§ **Your instructions**
Drop all images. Then write out each line below exactly as given.

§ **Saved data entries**
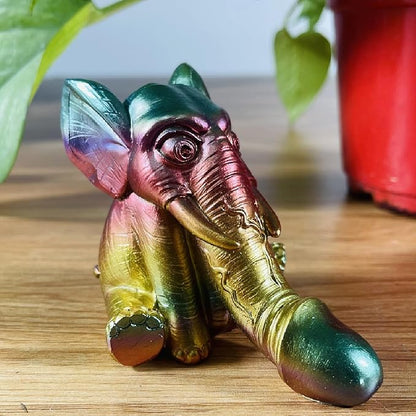 Evil Penis Outdoor Garden Statues, Funny of Tortoise Sculptures Yard Decorations Lawn Ornaments Decor Inappropriate Weird Gifts for Women Housewarming Mother's Day (Elephant)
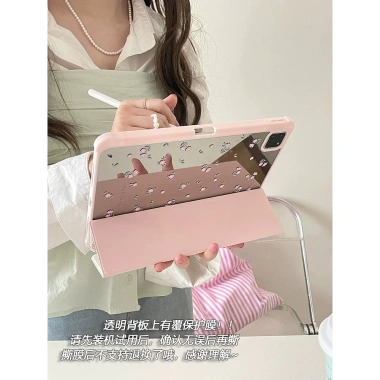 Vỏ bảo vệ iPad Pro 2.022 11 inch gấp ba lần, mặt gương hoa nhỏ, rãnh bút Air 4/5 - Giá chỉ 255.593 VND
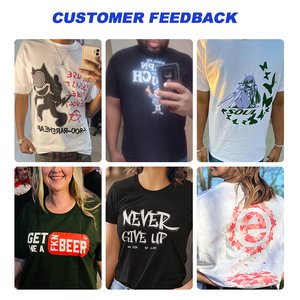 เสื้อยืดผู้ชายขายส่ง ผ้าฝ้าย 100% เป็นมิตรกับสิ่งแวดล้อม ระบายอากาศได้ดี ทรงโอเวอร์ไซส์ พร้อมออกแบบลายตามสั่ง ทรงหลวม ไหล่ตก - Product Image 3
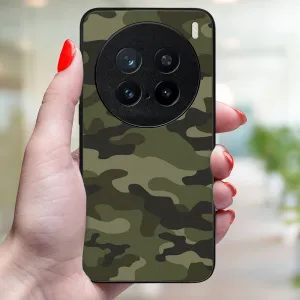 MY ART Ochranný kryt pre Vivo X200 Pro 5G GREEN CAMO (235)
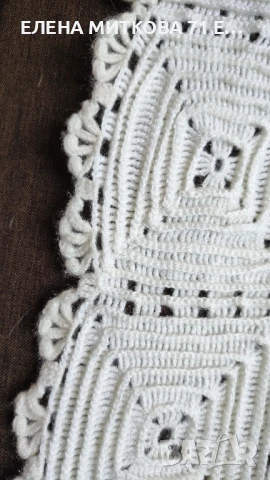Плетено на една кука меко одеялце/покривало в екрю и бяло, снимка 4 - Олекотени завивки и одеяла - 50704333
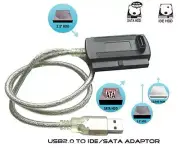 USB to SATA & IDE 2.5" 3.5" Drive Data Transfer Kit w/ Power - US SELLER - NEW!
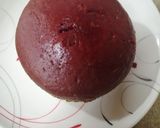 A picture of step 14 of Eggless Red Velvet Cake (without oven).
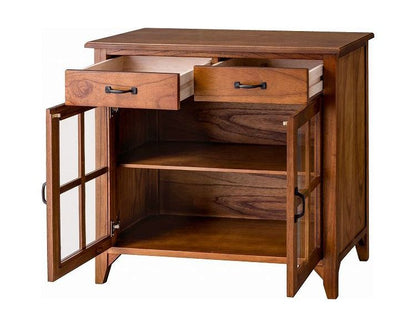 キャビネット ミンディ材 天然木 アンティーク スリム 省スペース 小さめ 黒アイアン ブラウン 収納 扉付き 棚付き 引き出し付き ガラス扉 おしゃれ 模様替え(代引不可)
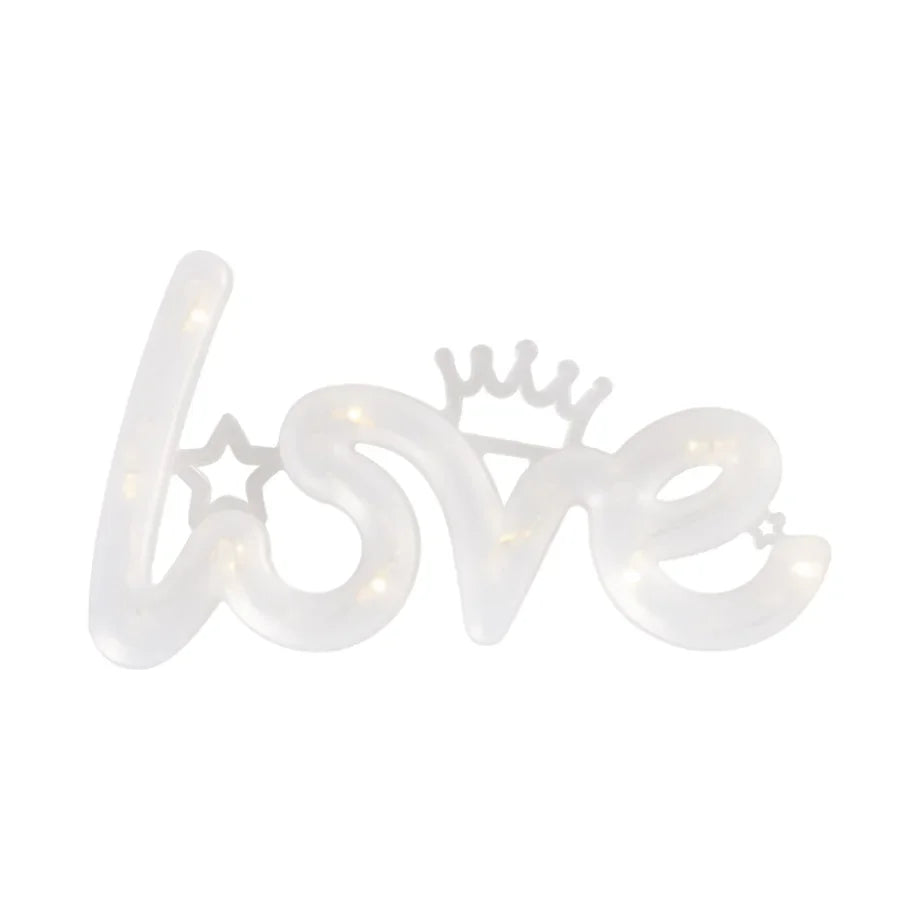 LED Love Luminous Lamp Romantic Confession Night Lights Happy Birthday Wedding Valentine Decoration Lamp Festive Party Supplies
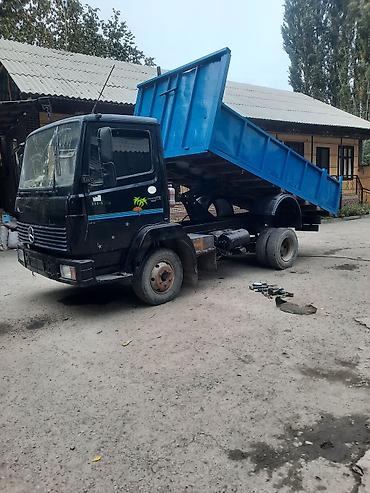 тельфер 500 кг: Самосвал Mercedes-Benz 814 с гидроподъёмом кузова. - Стальная — 3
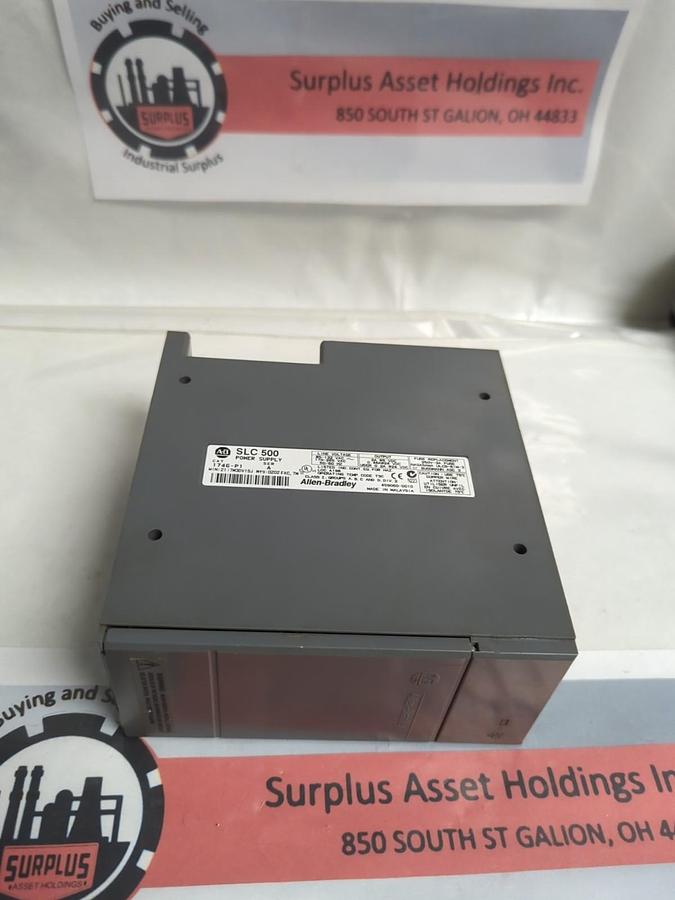 Used ALLEN BRADLEY,1747-P1,SERIES A POWER SUPPLY 24VDC 120/240VAC PRE-OWNED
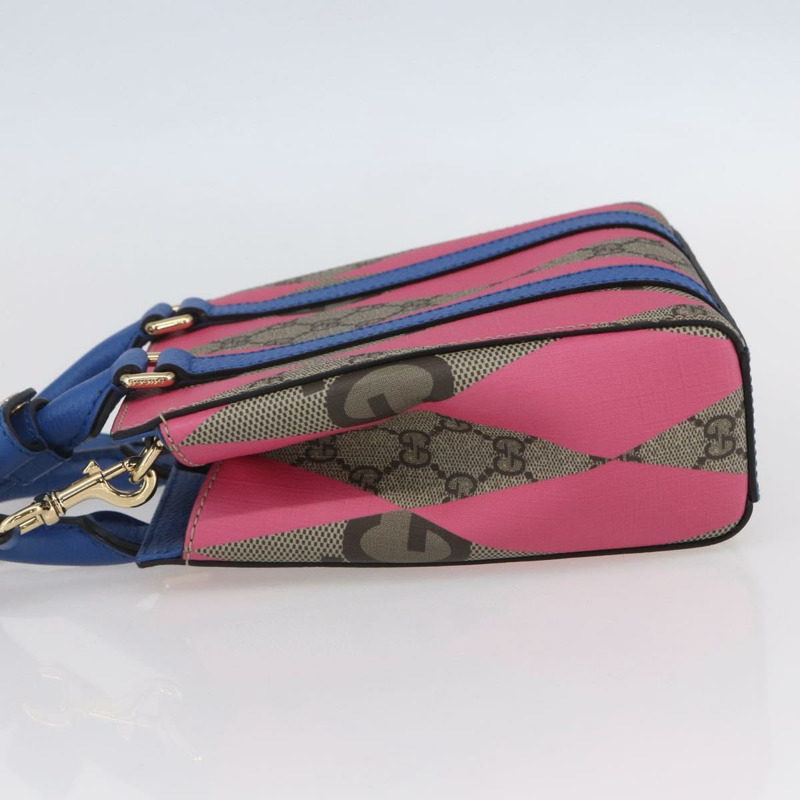 【日本直送】GUCCI GG Supreme 手提包 PVC 兩用 米色/藍色 正品 154072SAM-2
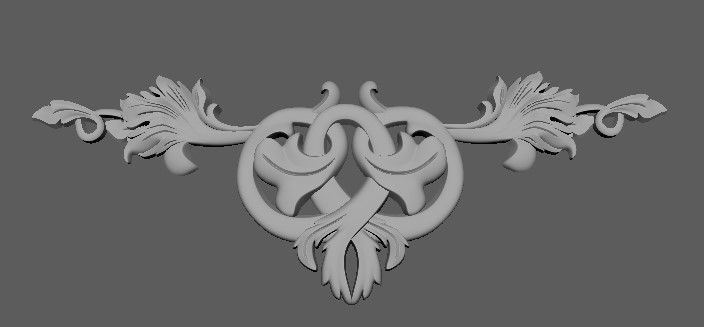 dekor ornament 3D model_1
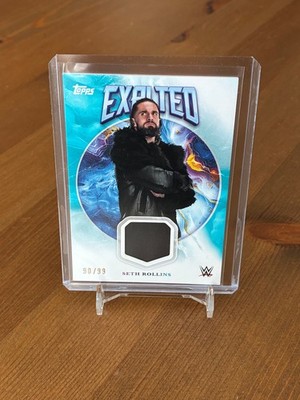 2025 Topps WWE Exalted Seth Rollins Relic /99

§ **Reply**
 Evil Penis Outdoor Garden Statues, Funny of Tortoise Sculptures Yard Decorations Lawn Ornaments Decor Inappropriate Weird Gifts for Women Housewarming Mother's Day (Elephant)
 Vỏ bảo vệ iPad Pro 2.022 11 inch gấp ba lần, mặt gương hoa nhỏ, rãnh bút Air 4/5 - Giá chỉ 255.593 VND
 เสื้อยืดผู้ชายขายส่ง ผ้าฝ้าย 100% เป็นมิตรกับสิ่งแวดล้อม ระบายอากาศได้ดี ทรงโอเวอร์ไซส์ พร้อมออกแบบลายตามสั่ง ทรงหลวม ไหล่ตก - Product Image 3
 MY ART Ochranný kryt pre Vivo X200 Pro 5G GREEN CAMO (235)
Плетено на една кука меко одеялце/покривало в екрю и бяло, снимка 4 - Олекотени завивки и одеяла - 50704333
 USB to SATA & IDE 2.5" 3.5" Drive Data Transfer Kit w/ Power - US SELLER - NEW!
 A picture of step 14 of Eggless Red Velvet Cake (without oven).
 キャビネット ミンディ材 天然木 アンティーク スリム 省スペース 小さめ 黒アイアン ブラウン 収納 扉付き 棚付き 引き出し付き ガラス扉 おしゃれ 模様替え(代引不可)
 LED Love Luminous Lamp Romantic Confession Night Lights Happy Birthday Wedding Valentine Decoration Lamp Festive Party Supplies
 тельфер 500 кг: Самосвал Mercedes-Benz 814 с гидроподъёмом кузова. - Стальная — 3
 Used ALLEN BRADLEY,1747-P1,SERIES A POWER SUPPLY 24VDC 120/240VAC PRE-OWNED
 【日本直送】GUCCI GG Supreme 手提包 PVC 兩用 米色/藍色 正品 154072SAM-2
 dekor ornament 3D model_1
 2025 Topps WWE Exalted Seth Rollins Relic /99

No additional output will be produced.